Я медленно плыл над полом. Профессор шёл рядом и монотонно гундосил:
– …таким образом, достигнув напряжённости в сто тысяч ньютонов на кулон, мы создадим поле, совершенно непроницаемое для всех видов физического воздействия. В том числе радиации и когерентного лазерного излучения любой мощности. Вы будете отрезаны от внешнего мира. Мы, естественно, проведём соответствующие эксперименты и замеры, как указано в вашем контракте и…
Я беспардонно чихнул, чем прервал поток заумных слов, лившихся изо рта учёного.
– Профессор, да мне, честно говоря, похрену и свысока на ваши замеры, – заявил я. – Зачем вы мне это рассказываете, я же не учёный? На человеческом языке скажите на кой чёрт – это всё нужно, и делайте своё дело.
Браун, несмотря на резкое заявление не обиделся. Посчитал что лучше не вступать в полемику, а действительно, просто рассказать.
– Всему причина – космические перелёты. На дальние расстояния. К другим звёздам.
– Космические перелёты к другим звёздам? А, я читал… как-то давно. Это вы про субпространство что ли говорите?
– Нет, что-вы! До практического использования гиперкосмоса современной науке ещё очень далеко. Я говорю об анабиозе – замедлению процессов жизнедеятельности организма человека. Я считаю, что химический анабиоз или заморозка – это всё тупиковые ветви. А вот статическое поле или поле стазиса, в котором в буквальном смысле останавливается время, откроет человечеству путь к звёздам.
– Понятно. То есть, я типа того, буду первопроходцем? Ну звезданавтом…
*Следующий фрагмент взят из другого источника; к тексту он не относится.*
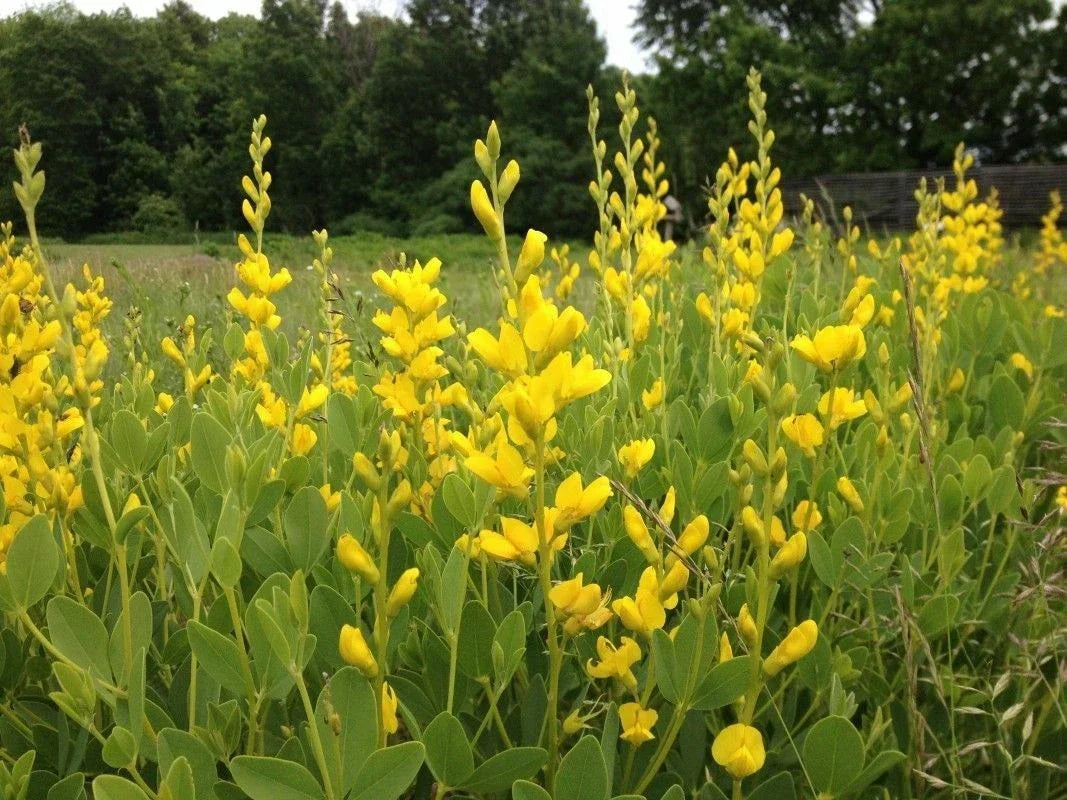Yellow False Indigo Seeds - 30 Count Baptisia tinctoria Native Wildflower Seeds for Garden Planting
– Ну… формально, вы не летите в космос. Вас поместят в поле стазиса на сутки локального времени. Для вас они пролетят незаметно. Почти мгновенно. А у нас – как и положено.
– Ха! То есть вы украдёте у меня как бы лишний день из жизни?
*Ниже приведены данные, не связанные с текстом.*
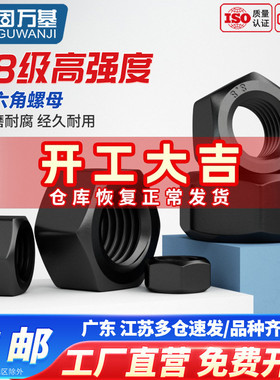8.8级发黑细牙六角螺母 螺帽螺丝帽幼牙螺帽M8M10M12M18M20*1.5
– Ну грубо говоря да. Хотя, скорее наоборот. Если… – профессор вздохнул.
– Что «если»? – напрягся я.
Капсула остановилась у разверзшихся врат саркофага. Профессор наклонился надомной и прошептал.
– Если эксперимент завершится удачно.
Ох как не хорошо ёкнуло у меня внутри. Слишком уж безнадёжно произнёс эти слова профессор Браун.
– Мне говорили, что почти все предыдущие опыты завершились хорошо.
– С точки зрения науки – да, – учёный сморщил нос, – Но для испытателей – совсем наоборот.
Нечестно сообщать о таких вещах буквально за минуту до начала эксперимента.
– Сколько осталось в живых?
– Все, но…
– Но что?
– Но они обезумели.
– А всего сколько было попыток?
– Шесть.
Меня захлестнула паника, но я вспомнил про Айрона, моего сына. Мальчишка будет жить, если я рискну. Даже если я умру.